Die #1 is a powerful first issue, made all the more powerful by the imagery. Hans captures the tone of this story, creating a darkly alluring effect. The players and their families look so bright-eyed and alive in 1991. Twenty-five years later, every one of them looks haunted, as if the world they experienced and the loss of their sixth member took a piece of their soul. Their eyes seem just a little dead.
The art, on the whole, is consistently stunning, but it doesn’t distract from the story as much as it immerses you in it, drowning you with the very real emotion of characters struggling to heal from the horror of the past. The changes in body language and facial expressions broadcast the rawness of their pain, the uncertainty they feel when around each other, and their discomfort as they face the possibility that they’ve left someone behind. The final page is visually as dramatic as the secret it reveals.

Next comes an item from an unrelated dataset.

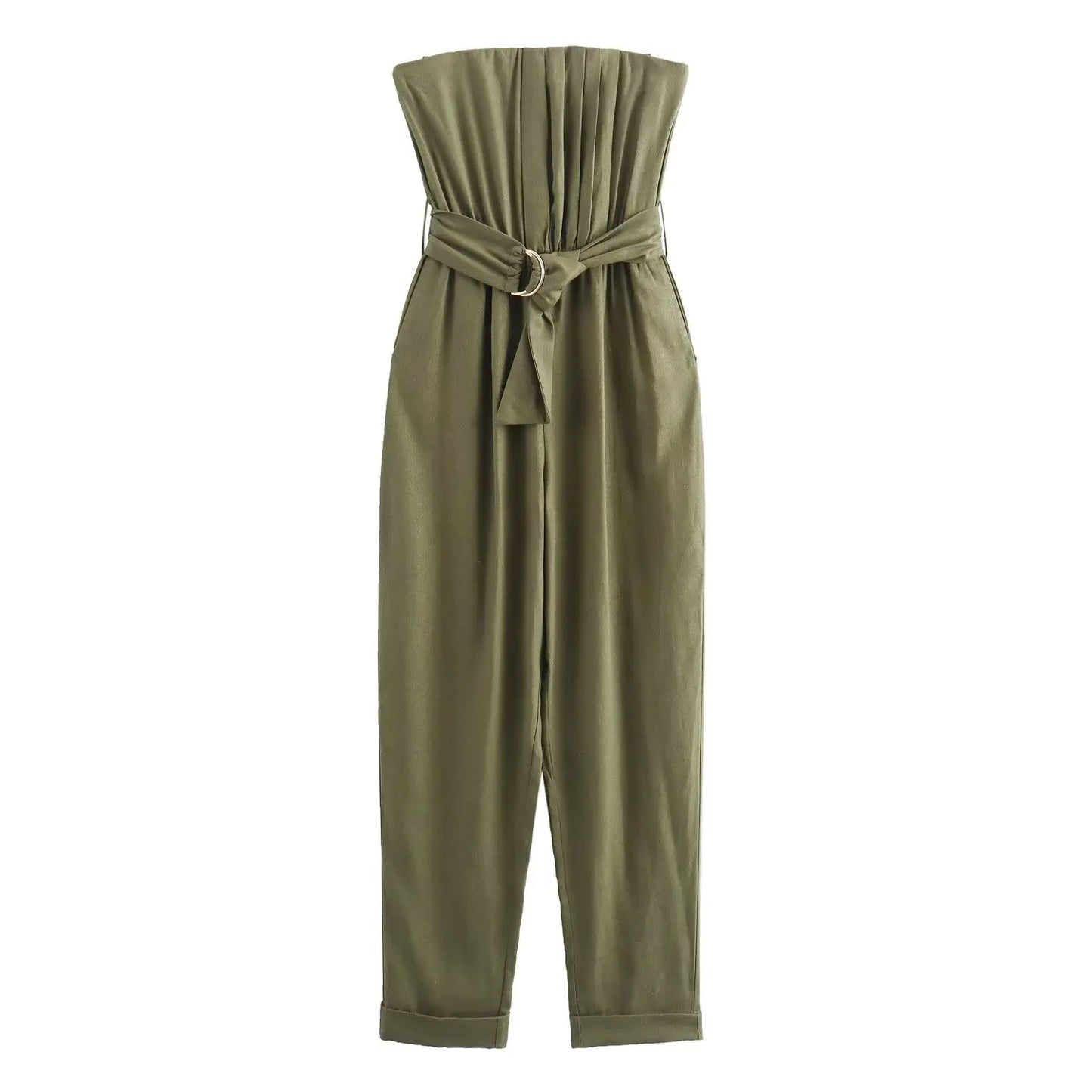 TRAF Women Fashion With Belt ArmyGreen Side Zipper Backless Jumpsuits Vintage Strapless Slash Neck Female Chic Lady Rompers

MAJK’s Age Recommendation:
Older Teens – 16 or 17+
Other Info: This comic is a dark fantasy—like grim-dark. It’s already dealing with some themes that might be uncomfortable. There has already been a bit of gore. There is alcohol use. There’s a lot of F-bombs. I expect there will be some heavy violence in future issues.
Best Line & Why
Best Line: Matt: “Chuck! This is not a f$#&ing game.”
Chuck: “Er… it literally is. We’re literally in a game.”
Why: Chuck is flippant much of his screen time, but this particular moment I actually laughed out loud. There’s a special irony in this exchange which I thoroughly appreciated.
None that I can give without spoiling things that I really think you need to find out by reading this issue.
Next Issue: Die #2 comes out January 9, 2019.